(Exercise aim): Pictures aside, reproduce exactly and only the lines from the one containing "The Hood, 2025, digital" through the end of the records.

Short web captions:
=-=-=

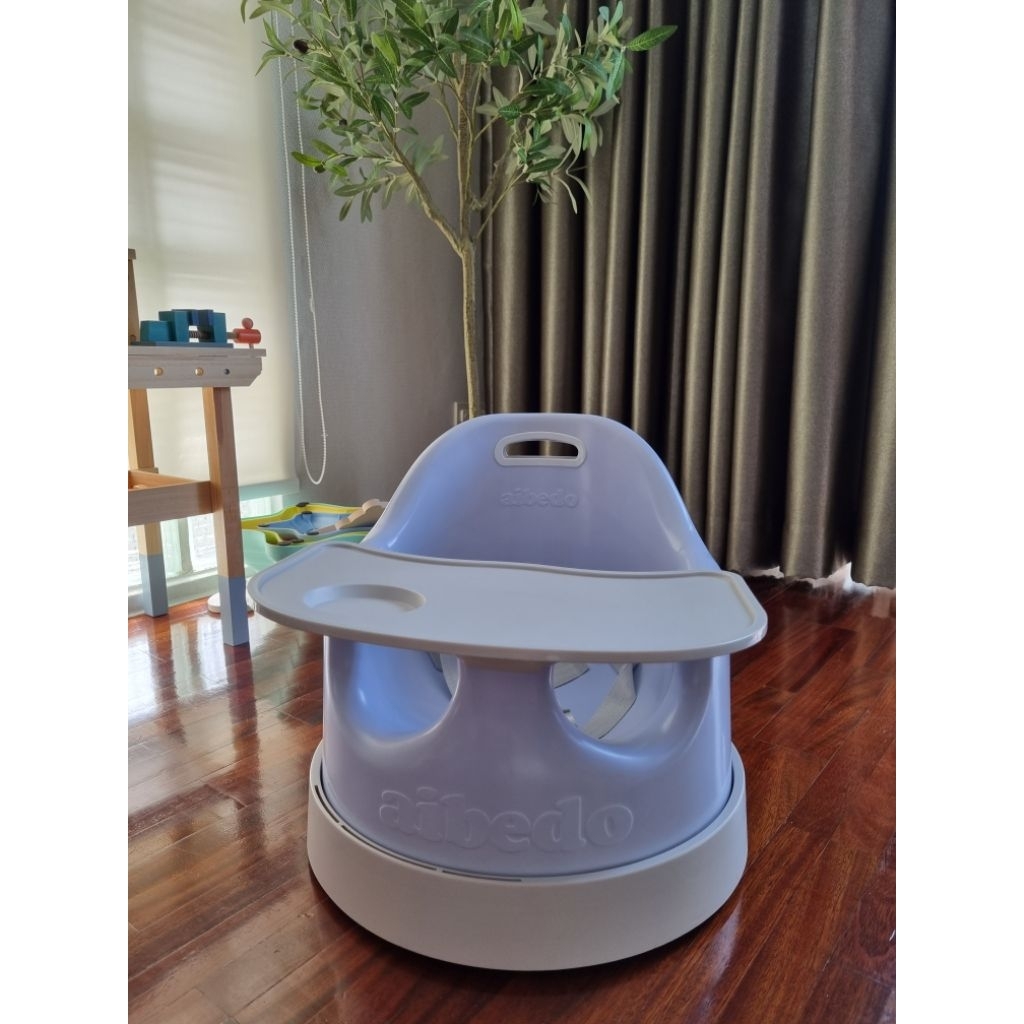 [สภาพนางฟ้า]aibedo smart chair baby smile เก้าอี้กินข้าว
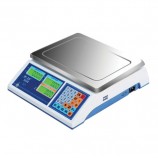 Весы торговые MERCURY M-ER 322(323)С-32.5, LCD (0,1-32 кг), дискретность 5 г, платформа 315х235 мм, без стойки, M-ER 323C-30.5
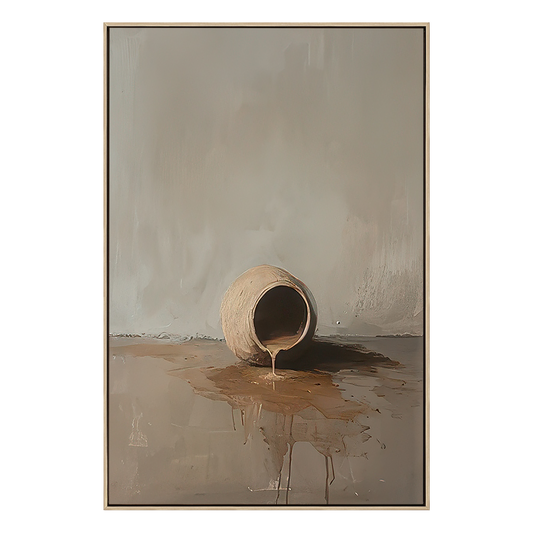 Still Earth Pottery Painting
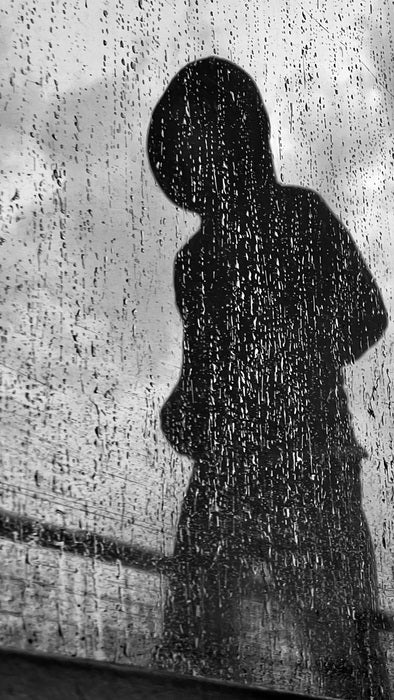 The Hood, 2025, digital photography, 80 x 45 cm. / 31.4 x 17.7 in.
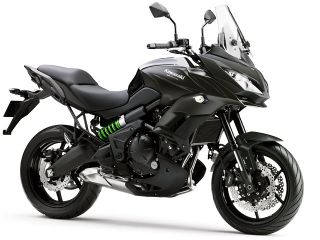 2016年 Versys 650メタリックマットカーボングレー×メタリックスパークブラック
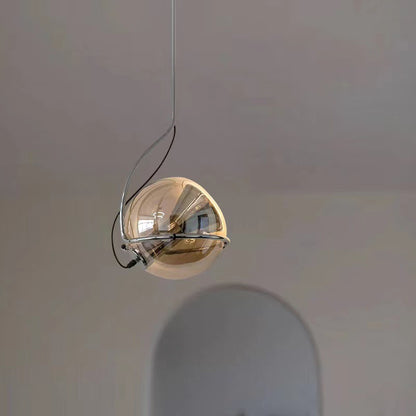 Bauhaus Glass Pendant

=-=-=

(Problem solution):
 The Hood, 2025, digital photography, 80 x 45 cm. / 31.4 x 17.7 in.
 2016年 Versys 650メタリックマットカーボングレー×メタリックスパークブラック
 Bauhaus Glass Pendant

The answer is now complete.